The HSCI Stem Cell Regulation Project comprises a group of five HSCI Principal Faculty members performing collaborative research at two Harvard-affiliated hospitals. Along with Cowan and Gregory, the group of investigators includes Carla Kim, PhD, at Children’s Hospital Boston and SCRB faculty member Paola Arlotta, PhD, and Hanno Hock, MD, PhD, both at Massachusetts General Hospital.
The goal of this collaborative project is to deepen our knowledge of the molecular regulation of stem cell identity, maintenance, and differentiation in normal development and disease processes. Experiments are being conducted on differentiation of stem cells into neuronal subtypes, development and maintenance of adipose tissue, the role of microRNAs in regulating stem cell fate, transcription factors in maintenance of hematopoietic (blood) stem cells, and pathways regulating stem cell function in normal lung biology and lung cancer.
Two additional graduate students have been awarded fellowships under The Sternlicht Director’s Fund, a grant program initiated in 2007 by a generous gift from Barry S. Sternlicht, MBA ’86, and Mimi Reichert Sternlicht to provide support for graduate students using stem cell research to study diabetes.
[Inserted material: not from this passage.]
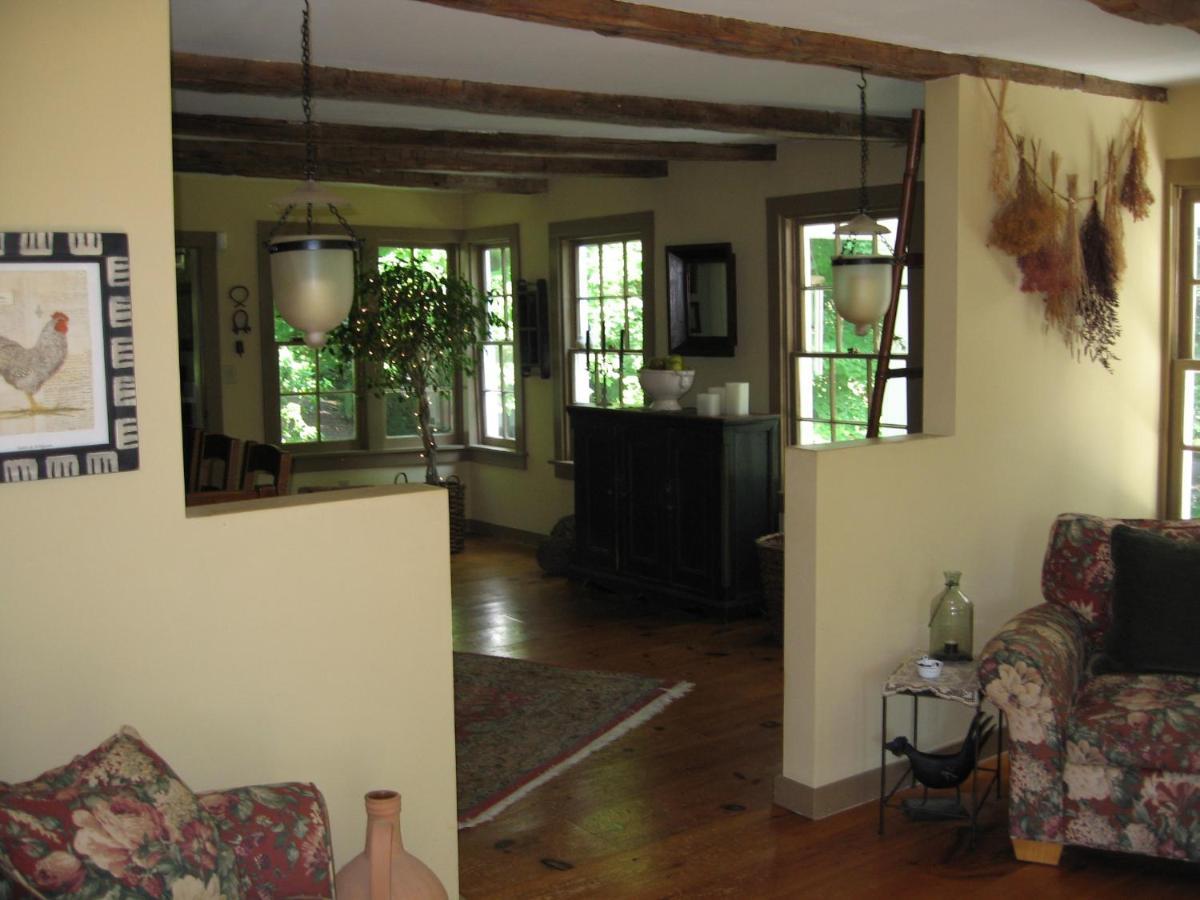 B&B On Seven Acres With Private Bed & Bath Clinton Corners Экстерьер фото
The 2009 Sternlicht Fellows, Sinisa Hrvatin and Adriana Tajonar, are currently conducting research under the direction of HSCI Co-Director Doug Melton, PhD, in Harvard’s Department of Stem Cell and Regenerative Biology.
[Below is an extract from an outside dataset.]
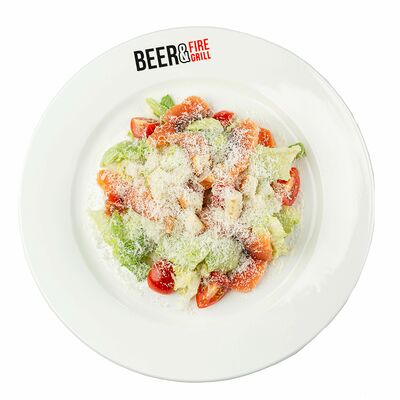 Цезарь с курицей в Beer & Fire Grill по цене 547 ₽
Hrvatin is working on the problem of how to direct the differentiation of pancreatic progenitor cells into mature beta cells, which would resolve a major obstacle in the field. Currently, researchers are stuck at the intermediate stage of pancreatic progenitors in coaxing embryonic stem cells through the developmental stages that ultimately result in insulin-producing beta cells normally found in the pancreas.
For stem cell therapies to become a reality, it may be necessary to generate large numbers of cells at different developmental states. Tajonar recently conducted an experiment to determine which genes keep human embryonic stem cells in an undifferentiated state while simultaneously promoting selfrenewal, the mechanism by which cells multiply. Her work resulted in several promising finds, including identification of a transcription regulator previously not known to impact self renewal. She is now using these genes to determine how they might be used to multiply cells in each developmental state on the path from embryonic stem cell to mature beta cell.